Reset Security

Security decisions we already made

The previous lesson included several security measures baked into the code. This lesson explains why each one matters, so you understand the reasoning and can apply the same thinking to other features.

Hashing the reset token

We hash the token with SHA-256 before storing it:

const tokenHash = await hashToken(token);
store.set(tokenHash, { tokenHash, userId, createdAt: Date.now() });

Why: If your database is breached, the attacker sees hashes, not usable tokens. They cannot use the hashes to reset anyone’s password.

Why SHA-256 and not bcrypt? Reset tokens are random UUIDs (122 bits of entropy). There are no common passwords to guess, no dictionary attacks to run, no rainbow tables to build. SHA-256 is fast and sufficient for high-entropy inputs. bcrypt’s intentional slowness is designed for low-entropy inputs (human passwords).

Same response for found and not-found

return Response.json({
  message: "If an account with that email exists, a reset link has been sent.",
});

Why: Different responses for existing and non-existing emails let an attacker enumerate which emails are registered. They send reset requests for a list of emails and watch the responses. Identical responses reveal nothing.

The tradeoff: A legitimate user who mistypes their email does not get feedback that the email was wrong.
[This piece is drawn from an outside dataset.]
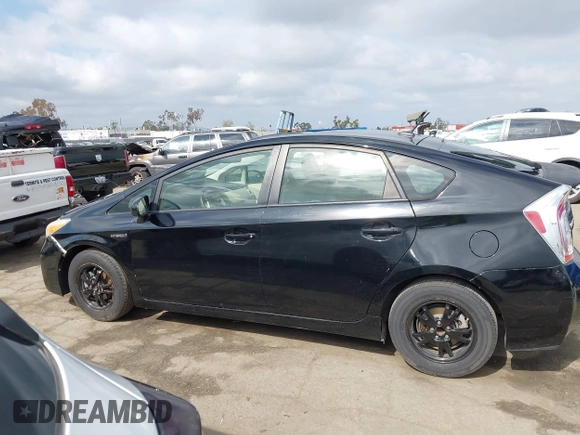 2012 Toyota Prius One with VIN JTDKN3DU8C5485214, listed as a IAAI auction lot 42136855 with 82,355 mi miles. Bid and sale history available at carsss.com. Image 14.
They wait for a reset email that never arrives. This is an accepted UX cost for the security benefit. You can add a note on the reset page: “If you don’t receive an email within a few minutes, check your spam folder or try a different email address.”

Rate limiting reset requests

const limit = rateLimit(`reset:${email}`, 3, 60 * 60 * 1000);

Why: Without rate limiting, an attacker can:

• Flood a user’s inbox with reset emails (harassment)
• Generate thousands of tokens, hoping to find a collision or timing weakness
• Use the reset endpoint for email enumeration by timing differences (even if the response text is identical, generating a token and “sending” an email takes longer than doing nothing)

Three requests per email per hour is generous for legitimate use and restrictive for abuse.

[!TIP] For the timing side-channel (existing emails take longer because they generate a token and send an email), you can add a small random delay to the “not found” path. This makes timing-based enumeration unreliable:

if (!user) {
  await new Promise((r) => setTimeout(r, Math.random() * 200));
}

Session invalidation after reset

deleteUserSessions(userId);
revokeUserTokens(userId);

Why: A password reset implies the old password may have been compromised. Any sessions or tokens created with the old password should be invalidated. This includes:

• The user’s own sessions on other devices
• An attacker’s sessions if they had access to the old password
• Any refresh tokens that could generate new access tokens

The user who just reset their password needs to log in again with the new one.

Single-use tokens

store.delete(tokenHash);

Why: After a reset token is used, it is deleted. If the email was:

• Forwarded to someone else
• Screenshot by a shoulder-surfer
• Stored in a compromised email account

The token cannot be reused. The password has already been changed, and the token is gone.

Token expiry (1 hour)

const MAX_AGE = 60 * 60 * 1000; // 1 hour

Why: An unused reset token is a liability. If the user requested a reset but then remembered their password, the token sits in their inbox. If their email is compromised days later, an old token should not still be valid.

One hour is a common default. Some apps use 15 minutes for higher security.

What we did not build (but you should consider)

Notification email on password change. After a successful reset, send a second email: “Your password was just changed. If this was not you, contact support immediately.” This alerts the user if an attacker reset their password.

Link invalidation on new request. If a user requests a reset twice, the first token should be invalidated. Otherwise, both tokens are valid, and an attacker who intercepted the first one can still use it. Add a cleanup step in createResetToken that deletes any existing tokens for the same user.

CAPTCHA on the reset request form. Prevents automated reset request floods without rate limiting alone. Useful if your rate limiting is too lenient or easily bypassed.

Exercises

Exercise 1: Modify createResetToken to invalidate any existing reset tokens for the same user before creating a new one. This ensures only the most recent token is valid.

Exercise 2: Add the timing delay to the “not found” path. Measure response times for existing and non-existing emails before and after the change. The delay should make them indistinguishable.

Exercise 3: Add a console.log that simulates a “password changed” notification email. After a successful reset, log: "Notification sent to ${email}: your password was changed."